Todo quintal era tratado com muito zelo e carinho. Ao cruzarmos uma pequena porteira estávamos diante de uma espécie de grande galinheiro cercado de tela, e ali havia galinhas, patos, marrecos e até gansos, que repartiam e freqüentavam um mesmo lago, nadando e se refrescando numa convivência harmoniosa de causar inveja aos humanos. Bem ali perto, também partilhavam esporadicamente uma frondosa mangueira, um papagaio e um pequeno mico que pulava entre os galhos, como querendo chamar atenção. Mas quem verdadeiramente chamava atenção era o papagaio, batizado de Pirata.

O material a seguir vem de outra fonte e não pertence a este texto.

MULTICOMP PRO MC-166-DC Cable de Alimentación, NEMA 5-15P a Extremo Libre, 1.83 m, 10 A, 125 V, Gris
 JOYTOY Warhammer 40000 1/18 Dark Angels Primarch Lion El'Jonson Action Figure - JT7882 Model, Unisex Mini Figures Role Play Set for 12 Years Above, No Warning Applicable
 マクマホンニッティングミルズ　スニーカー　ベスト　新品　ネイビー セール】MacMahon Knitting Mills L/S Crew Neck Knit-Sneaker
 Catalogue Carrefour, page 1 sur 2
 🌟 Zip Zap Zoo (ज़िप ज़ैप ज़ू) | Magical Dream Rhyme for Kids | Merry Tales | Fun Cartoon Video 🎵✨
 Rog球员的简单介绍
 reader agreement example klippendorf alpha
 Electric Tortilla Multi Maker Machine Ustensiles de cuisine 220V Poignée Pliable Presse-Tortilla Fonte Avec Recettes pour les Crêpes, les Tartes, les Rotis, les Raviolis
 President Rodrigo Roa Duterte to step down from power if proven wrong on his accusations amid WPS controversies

Dona Fininha tinha uma especial admiração pelo Pirata. Quando não havia ninguém estranho em casa, Pirata tinha liberdade de freqüentar todos os cômodos da casa, sem qualquer restrição, mas ao sinal da chegada de alguma pessoa estranha, logo era levado para a sua morada na árvore, onde era atado por uma longa corrente, o que não lhe deixava nada satisfeito, murmurava e pronunciava um vasto repertório de pesados palavrões. Aliás, Dona Fininha, que era dada a comentários e explicações de tudo, afirmava que o nome de Pirata foi dado pelo antigo proprietário daquela simpática ave, um oficial da marinha aposentado, que viajara por quase o mundo inteiro, sempre em companhia do papagaio em seu camarote e em seus momentos de folga conversava animadamente com ele como se tratasse de um ser humano e até mesmo lhe ensinava algumas músicas tradicionais, entre elas, o Cisne Branco e outras. Mas ao menor descuido, lá vinham os marinheiro e demais tripulantes ensinar músicas obscenas e palavrões.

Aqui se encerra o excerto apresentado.